So it's not just a case of sneering at politicians and the political circus. While there is a level of falseness, of theatricality, built into the whole process, into the manufacture and projection of idealised images and the aspirational rhetoric, it is all grounded in a limiting, intractable reality. In other words, it's a political arms race, and the politicians have to go through it all. That conclusion can certainly be drawn from Stephenson's images, though it's not the only one. He has an eye for a picture, and a flair for texture and brash colours. He particularly likes compositions in which pictorial information is distorted to the point of incoherence, battered and eroded. There is an abiding feeling that he takes a long view, noting the ephemeral nature of political sound and fury. Whether or not you voted back in May, and regardless of who you voted for, it's a show worth seeing.

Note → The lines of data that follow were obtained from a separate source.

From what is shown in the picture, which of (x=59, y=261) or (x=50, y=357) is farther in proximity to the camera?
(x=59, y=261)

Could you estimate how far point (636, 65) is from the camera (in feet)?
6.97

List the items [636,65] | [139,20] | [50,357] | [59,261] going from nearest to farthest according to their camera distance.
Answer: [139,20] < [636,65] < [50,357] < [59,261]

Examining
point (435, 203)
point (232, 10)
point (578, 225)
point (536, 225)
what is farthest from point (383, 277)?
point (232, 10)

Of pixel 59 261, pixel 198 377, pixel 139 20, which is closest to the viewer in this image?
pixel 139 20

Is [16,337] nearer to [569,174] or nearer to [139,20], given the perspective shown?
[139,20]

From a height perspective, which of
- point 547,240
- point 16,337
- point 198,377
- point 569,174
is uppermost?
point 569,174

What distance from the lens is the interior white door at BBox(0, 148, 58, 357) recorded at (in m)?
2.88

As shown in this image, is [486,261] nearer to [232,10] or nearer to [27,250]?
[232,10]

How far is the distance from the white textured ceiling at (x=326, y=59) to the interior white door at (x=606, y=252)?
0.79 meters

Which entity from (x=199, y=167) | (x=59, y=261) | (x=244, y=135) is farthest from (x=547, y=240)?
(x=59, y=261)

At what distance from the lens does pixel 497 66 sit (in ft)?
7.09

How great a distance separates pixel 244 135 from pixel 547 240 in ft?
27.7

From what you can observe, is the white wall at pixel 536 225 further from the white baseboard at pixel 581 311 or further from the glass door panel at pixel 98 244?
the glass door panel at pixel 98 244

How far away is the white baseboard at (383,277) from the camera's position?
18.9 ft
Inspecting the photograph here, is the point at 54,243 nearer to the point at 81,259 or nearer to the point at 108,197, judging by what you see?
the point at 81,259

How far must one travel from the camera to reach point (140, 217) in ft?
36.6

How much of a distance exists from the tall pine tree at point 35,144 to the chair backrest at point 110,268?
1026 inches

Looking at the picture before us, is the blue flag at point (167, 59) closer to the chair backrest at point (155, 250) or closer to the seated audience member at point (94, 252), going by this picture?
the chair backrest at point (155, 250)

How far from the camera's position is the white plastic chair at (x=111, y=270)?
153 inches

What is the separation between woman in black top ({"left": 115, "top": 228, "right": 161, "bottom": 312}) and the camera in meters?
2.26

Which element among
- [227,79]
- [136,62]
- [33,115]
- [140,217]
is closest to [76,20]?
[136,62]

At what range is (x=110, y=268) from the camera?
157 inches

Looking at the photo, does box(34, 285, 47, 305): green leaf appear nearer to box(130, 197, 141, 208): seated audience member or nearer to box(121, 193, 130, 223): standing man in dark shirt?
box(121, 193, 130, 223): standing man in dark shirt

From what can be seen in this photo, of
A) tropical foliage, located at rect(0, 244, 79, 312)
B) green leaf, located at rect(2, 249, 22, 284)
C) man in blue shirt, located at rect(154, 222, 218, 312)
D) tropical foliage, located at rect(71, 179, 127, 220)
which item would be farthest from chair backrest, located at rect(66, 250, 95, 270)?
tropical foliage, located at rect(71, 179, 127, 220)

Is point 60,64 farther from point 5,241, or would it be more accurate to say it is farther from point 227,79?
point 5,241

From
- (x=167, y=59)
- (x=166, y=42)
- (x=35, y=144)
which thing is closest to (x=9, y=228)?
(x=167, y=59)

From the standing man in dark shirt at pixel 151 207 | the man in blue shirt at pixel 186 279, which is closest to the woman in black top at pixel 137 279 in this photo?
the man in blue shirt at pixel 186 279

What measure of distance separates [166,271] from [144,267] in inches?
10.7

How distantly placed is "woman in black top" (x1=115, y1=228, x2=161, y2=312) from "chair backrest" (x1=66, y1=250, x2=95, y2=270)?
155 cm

Something above the Sofa, at the Rubicon Gallery, is an extension of the gallery's Flix project, which usually takes place on Saturdays and involves work by more than 50 artists, emerging and established. The idea is that people can view their work outside the formality of an exhibition setting, leaf through a portfolio or look in the drawers of a cabinet. Now, in co-operation with 2coolDesign in Temple Bar, the Rubicon has taken the process a stage further, showing work by several Flix artists in a quasi-domestic setting, having drafted in two substantial contemporary sofas, a leather armchair and footstool and a table to simulate "three lifestyle scenarios".

They've woven a substantial amount of work in between these stylish domestic trappings, but the gallery feels comfortable and approachable rather than crowded. In part it's like an edited reprise of some recent solo shows, with pieces by Rolf Bier, Tom Molloy and Amelia Stein. It's interesting to see how even familiar pieces fare in the domesticated context and, on the whole, they fare very well.

Molloy's dollar bill paper airplane and Amanda Coogan's extraordinary video The Quiet Man are not quite your orthodox domestic pieces, but they are presented here in a way that makes you think, well, why not?

Mind you, if you put Nick Millar's large-scale painting Whitethorn in your livingroom it's probably going to dominate with its vision of the sheer abundant richness of nature. There are other fine works, including those by Madeleine Moore, Patrick M. Fitzgerald, Stephen Brandes, Alice Peilion and Ronnie Hughes.